• [DIRECTIONS] Begin at the line containing "Super Clone Rolex" and restate it and each line after it exactly, up to and including the last line below. Leave pictures out.

• [AVAILABLE DATA]
----

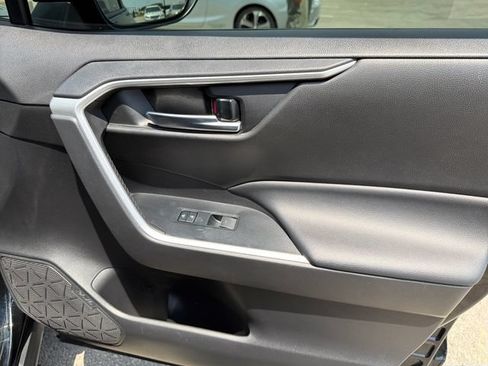 Used 2022 Toyota RAV4 SE AWD/4WD image 22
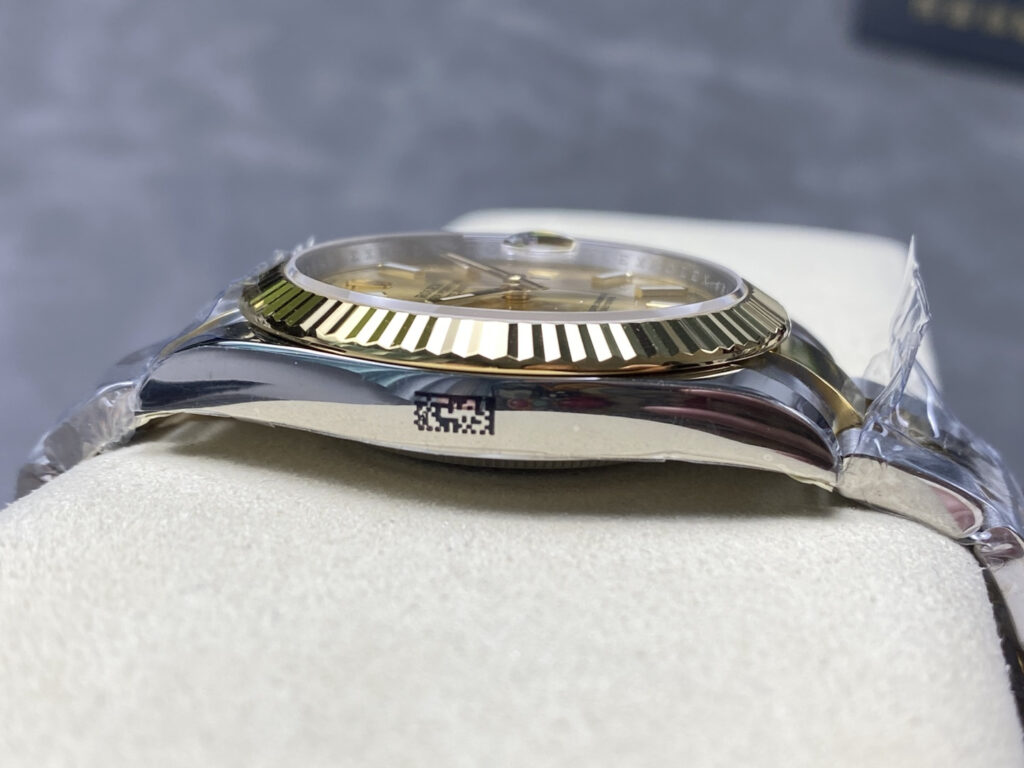 Super Clone Rolex Datejust Champagne Dial 126333-0009 41 mm — bracelet detail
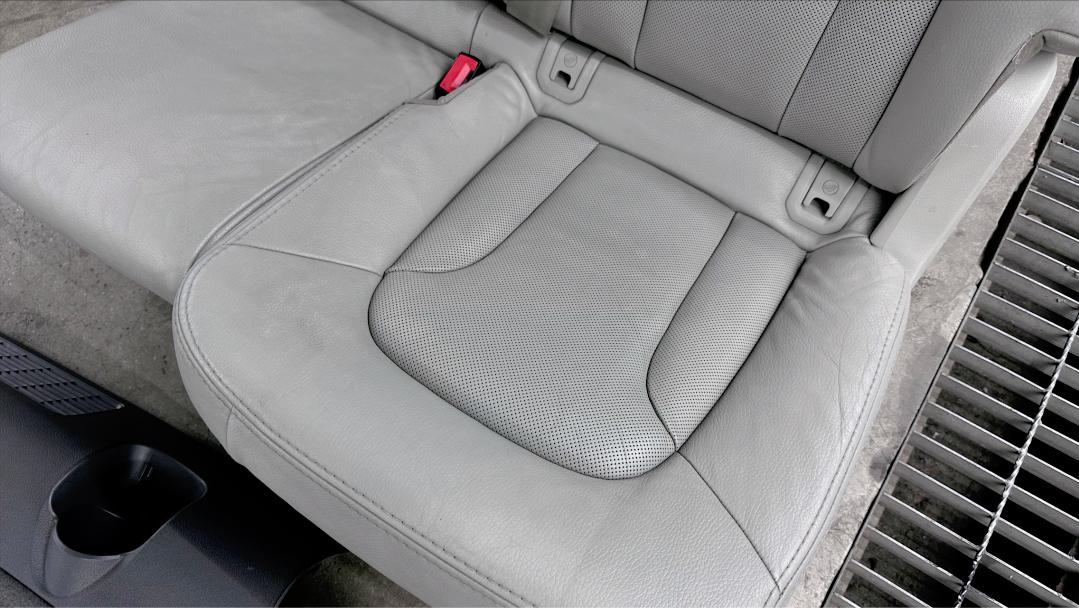 老款奥迪q74.2报废,奥迪q7新能源报废车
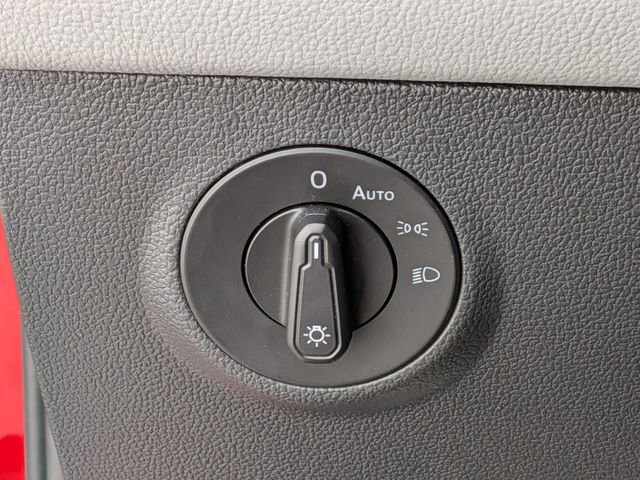 Certified 2023 Volkswagen Taos SE image 25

----

• [TASK ANSWER]
 Super Clone Rolex Datejust Champagne Dial 126333-0009 41 mm — bracelet detail
 老款奥迪q74.2报废,奥迪q7新能源报废车
 Certified 2023 Volkswagen Taos SE image 25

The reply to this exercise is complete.